Supporting that view, Hong Leong Investment Bank (HLIB) Research believes Malaysia’s technology sector is entering the early-to-mid stages of a broader upcycle, with first quarter of financial year 2026 results confirming improving order visibility and strengthening industry fundamentals.
It said the sector is transitioning from a valuation re-rating phase into an earnings upgrade cycle that has yet to be fully reflected in consensus forecasts.
“We view much of this re-rating as fundamentally justified,” HLIB Research.
The benchmark technology index has risen about 30% year-to-date, with individual technology counters recording gains ranging from 7% to as much as 123%.

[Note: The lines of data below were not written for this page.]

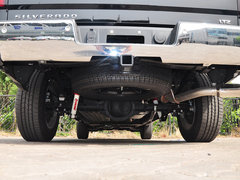 雪佛兰Silverado 2014款 Silverado 基本型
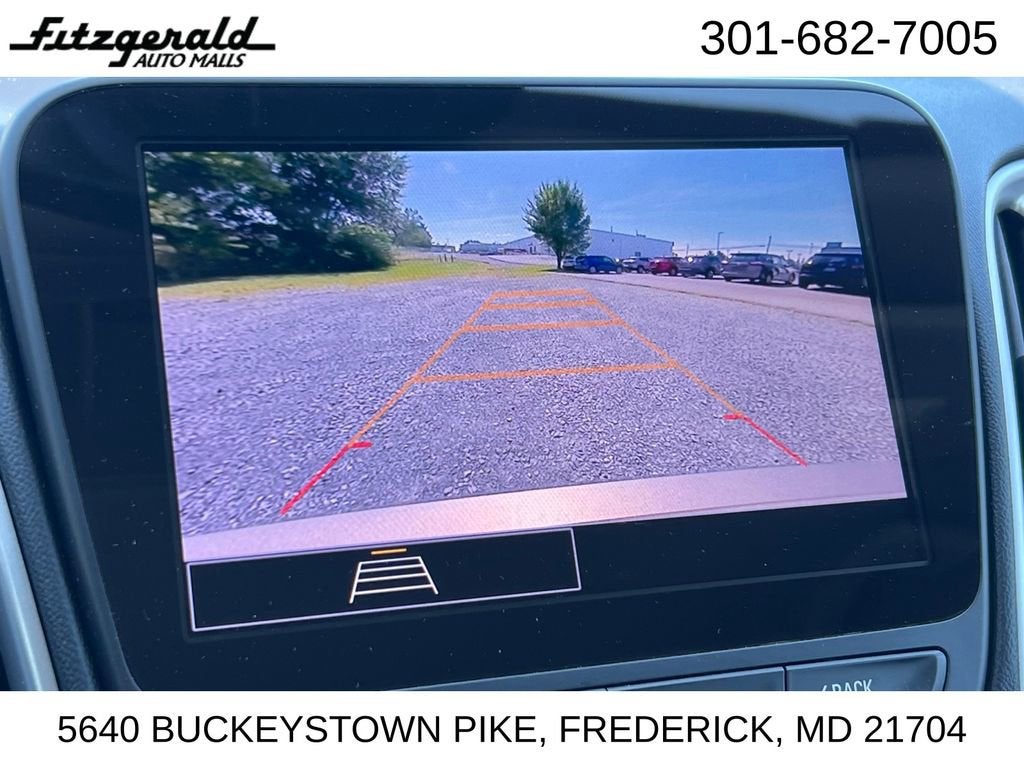 2023 Chevrolet Malibu LS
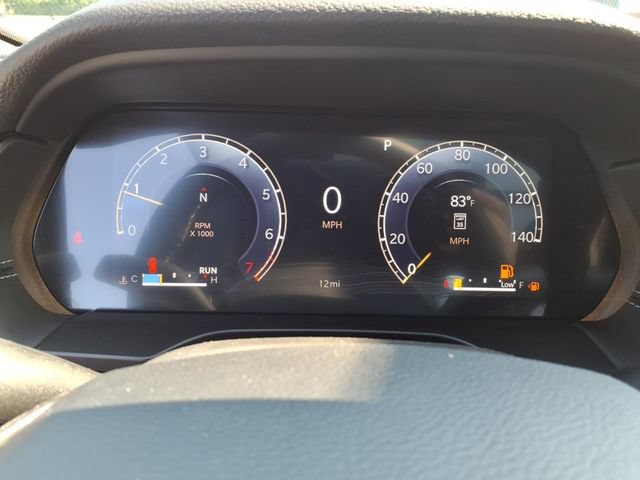 New 2026 Jeep Grand Cherokee Limited AWD/4WD image 18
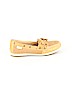 Sperry Top Sider Tan Flats Size 10 - photo 1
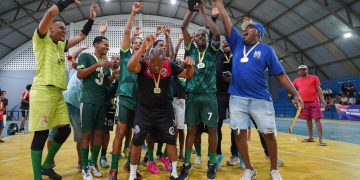 Candeias: Com Ginásio lotado, Sarandi é o grande campeão do primeiro Interbairros de Futsal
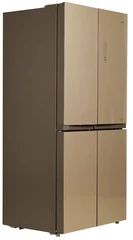 Купить Холодильник CENTEK CT-1756 NF Beige Glass / Народный дискаунтер ЦЕНАЛОМ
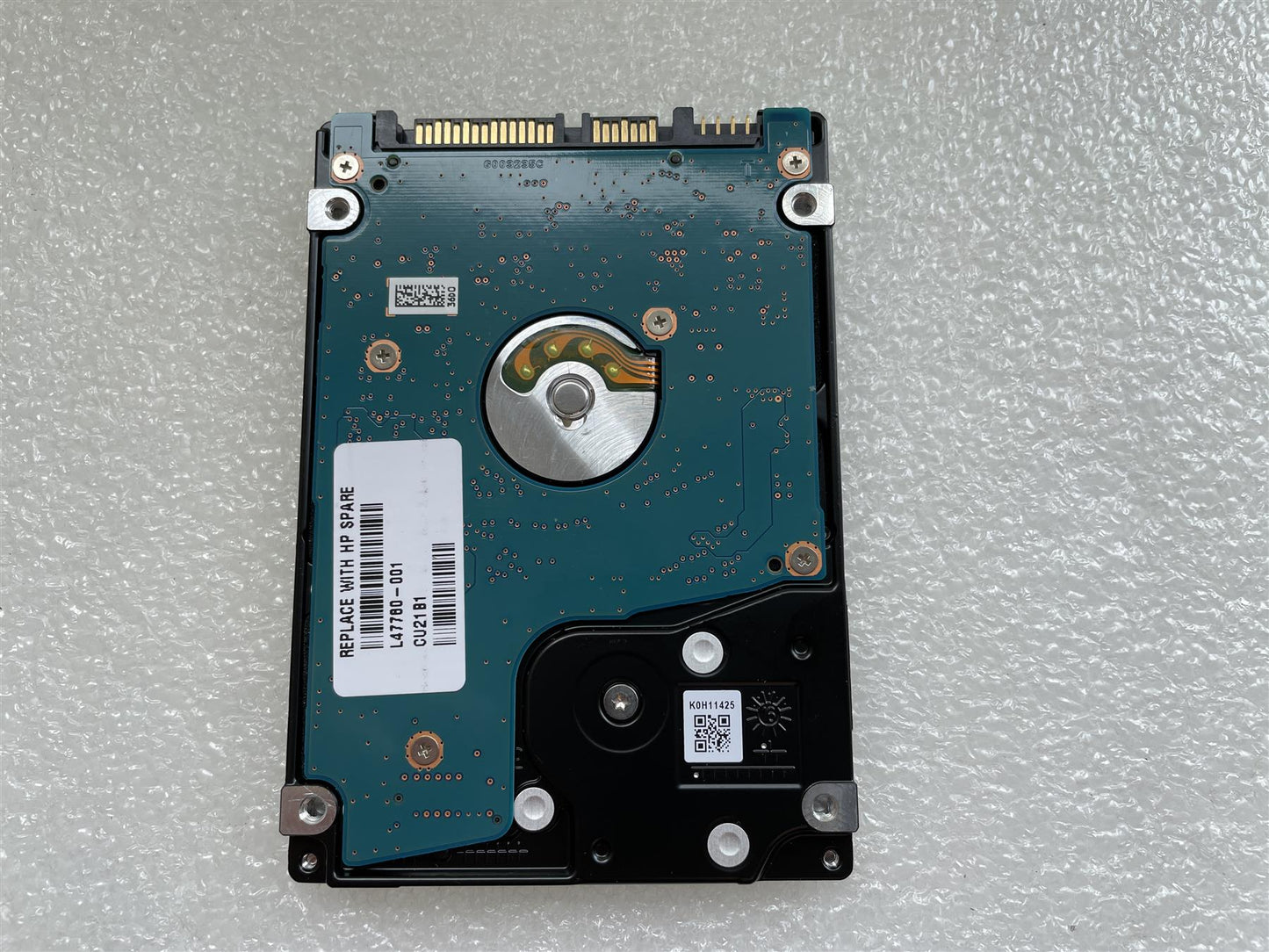 For HP L47780-001 Toshiba MQ01ACF050 500GB 2.5 inch SATA HDD Hard Disk Drive NEW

Despite richer valuations, the research house noted semiconductor upcycles historically progress from multiple expansion to earnings upgrades, suggesting further upside could still emerge.
HLIB Research pointed to several structural growth drivers, including accelerating China Plus One supply chain relocation, deeper localisation by global semiconductor equipment manufacturers, rising optical and power semiconductor content linked to AI data centre build-outs, and improving prospects for Intel Corp’s ecosystem.
It also highlighted sustained AI infrastructure spending by major US hyperscalers and continued fundraising activity by companies such as OpenAI, Anthropic and SpaceX as supportive external factors.
Within the local market, HLIB Research’s preferred technology picks are ITMax System Bhd
, UWC Bhd
, Frontken Corp Bhd
and Unisem (M) Bhd
.
The research house remains positive on the sector heading into the second half of financial year 2026, although it expects increased volatility as investors place greater emphasis on earnings delivery.
The overarching message from analysts is that the AI investment theme remains alive and well, but investors will increasingly need to separate companies with genuine earnings power from those relying solely on AI-driven optimism froth.